In developing the 95 car ranking, Cars.com based their conclusions on the following criteria:
- Assembly plant location (must be located in the U.S.)
- Parts content (percent of U.S. and Canadian parts)
- Engine country of origin (U.S.)
- Transmission country of origin (U.S.)
- U.S. manufacturing workforce (an analysis of each automaker’s direct U.S. workforce involved in building the vehicles and parts, factored against that automaker’s U.S. production footprint).
Full detail about the report can be found HERE on Cars.com.
The top 20 ranked vehicles are shown in the chart below, with a comparison to their 2020 and 2021 ranks. Vehicles noted as “unranked” for 2022 have either been discontinued or they did not make the top 95:
The complete list of 95 vehicles has been compiled and included in a PDF file found HERE.
Most notable is the inclusion of the Tesla Model X and Model S, which was not on the 2021 list. Supposedly, their updates in 2021 prevented them from making the list last year. More than likely, Elon Musk was playing games with sales data.
A number of other models saw significant movement from last year. This could be due to changes in the their North American content or competing models that were all new for 2022, starting production in the United States.

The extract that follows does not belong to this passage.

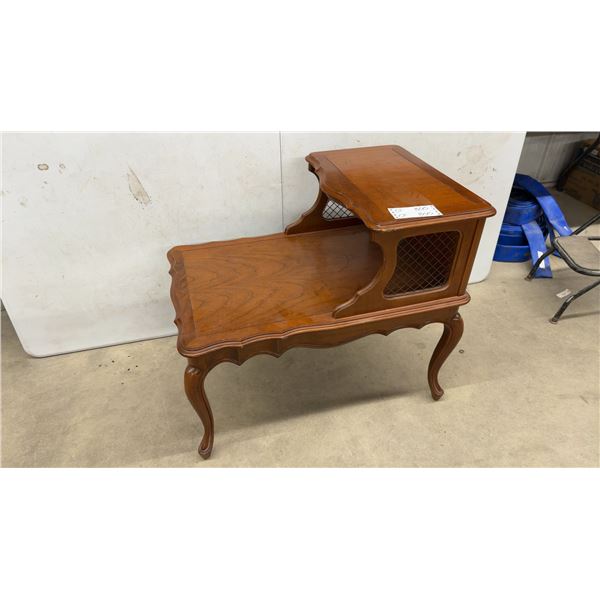 French Provincial Style End Table with Drawer and Mesh Sides 30 × 20 × 25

Special note to my Canadian friends: Cars.com touts this as the most “American Made” cars report. It only includes vehicles made in the United States, but does give credit for components made in North America. So, you got that going for you!
Some vehicles may be missing from this list due to a number of mitigating factors:
- Models with a gross vehicle weight rating above 8,500 pounds — mostly full-size vans, three-quarter- and 1-ton pickup trucks, and larger commercial vehicles — which are exempt from providing content on their pricing labels. The same goes for models from automakers that build fewer than 1,000 cars in a given model year.
- Models set for discontinuation.
- Vehicles not yet scheduled for production at the time of the study (April 2022).
- Vehicles only built for government or commercial fleet (not retail units).
Ultimately, does it matter to car buyers if their vehicle is within the 95 on the list? Would a Ford Maverick made in Mexico, Land Rover from the UK or any number of GM products from Canada be acceptable to them?
I grew up in this business, but have no issue with buying a vehicle made outside the U.S. Ultimately, the vehicle’s reputation, style and performance are what matter to me.
I’m willing to bet you feel the same way.